We are going to a party at Siobhan’s friend’s apartment on the south side of the Embankment and are taking the train. So we get on at the Angel and take the lift, an old wooden box, down into the Underground.
The platforms we walk through are dark and grimy, brown muddied walls and hidden tunnels, and the service is running slow.
We wait on Platform 2 of the Central line, it seems like for an age, before a train finally arrives, but when it comes to a stop it is already full, people crushed together, all the way up to the ceiling.
The bodies are pressed flat against the glass and there is no way we are getting on. We will wait for the next one.
The next train is a flat bed, cargo only, with a thick plain white rectangular box which covers the deck. It speeds through the tunnel, and we continue to wait.
And the next train will be a passenger train but it will be a long time coming. We wait in anticipation but by the time it arrives the train is ill-lit from the inside and it speeds through the tunnel and disappears the other side without stopping.
It seems we’ll never get there.
“We’ll take the Circle or the District line,” I suggest. Only you have to exit the station and cross the road to the other side of the roundabout to get to the platform.
So we leave, ascending once more with the lift and cross over to the entrance of the Circle and District.
“We can take either line,” I say as we enter down into a dark corridor, intersecting rail line tracks to our left, cavernous walls dark and dripping with sweat. We have to hurry as the District line carriages clank across the lines and past us, towards their stop.
But when we arrive at the platform the problem is the same; though at the start, there were only a few passengers waiting, the crowd begins to pile up. People in dark clothing, faces barely discernible.
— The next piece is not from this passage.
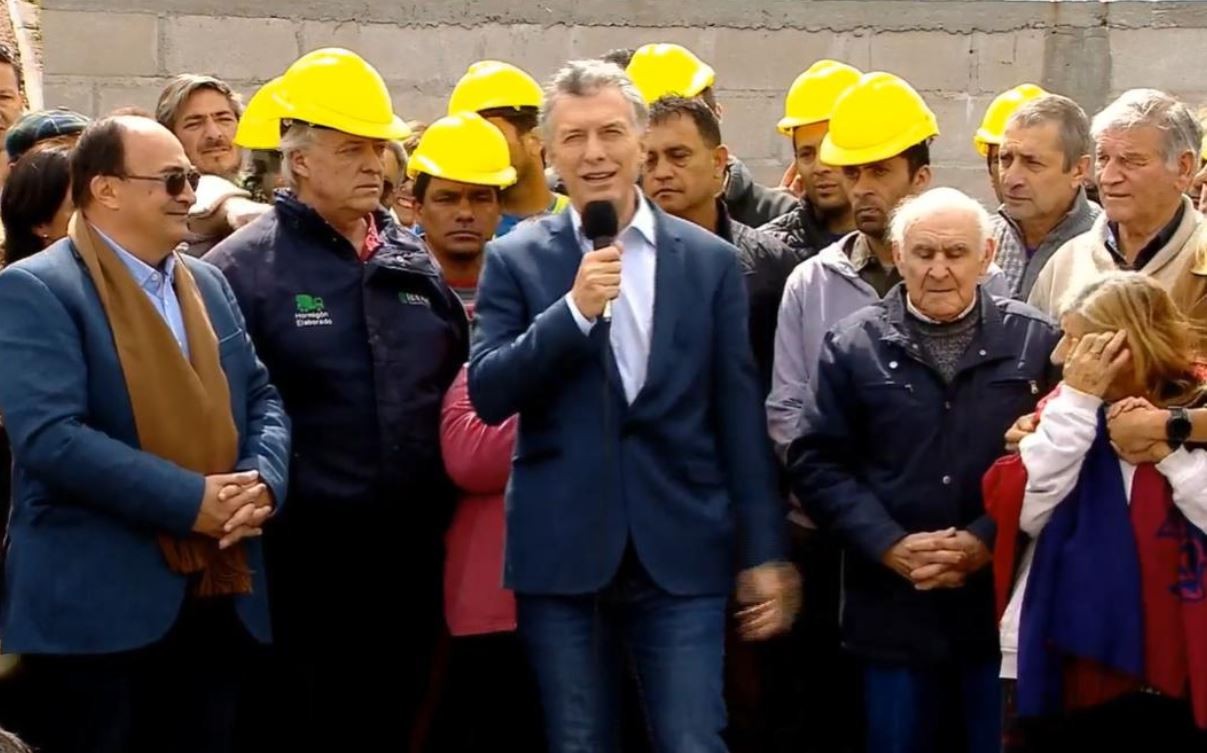 Macri, en modo campaña: "Somos parte de la solución, no del problema" | Elecciones 2019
“We are meeting at The Kestrel,” says Siobhan. She means Reed’s place.
“But that is nowhere near the Embankment,” I say. “That is in Hammersmith.” I pull out a piece of paper to work out the directions, but it is too small to write on.
“I need something bigger,” and I turn back to her. “Have you got something?”
But Siobhan is distracted, she doesn’t reply and I have to repeat it. And only then does she pull out a larger piece of paper, the size of my hand, that I can use.
“We should go back to the Central line,” I continue. I am getting frustrated that we wasted all this time waiting for the wrong train.
We are exiting the station, onto the road that leads away from both stations, when I suggest we can take an Uber. The greying light of dusk is in the distance.
“Why didn’t you suggest that in the first place?” she says, spitting the words at me, but it was her who got us lost in the first place.
“I’m not going,” I respond, “I’ve had it!”
And I walk away, to the right of me a chain link fence, a construction site behind the fence, both stations further behind me.
“I’m not going,” I reiterate. I walk slowly.
And she follows me, she too is going the wrong way.
But this is it. Where we will really part.
I circle even slower back round the roundabout, time and fear crawls, me slightly ahead of her, until we are back on the Angel side.
I am practically at a stop when Siobhan comes up alongside, to my left. She has thick pale blonde hair and a slightly pudgy face, thick lips like Becky Farmer, unvarnished, and she is attractive at that very moment; it is eating me up.
“I want to fly around naked,” she says and she smiles.
We cannot do it. Part. I don’t want to.
“Will you do that for me?” I ask her. And then I kiss her full on the lips.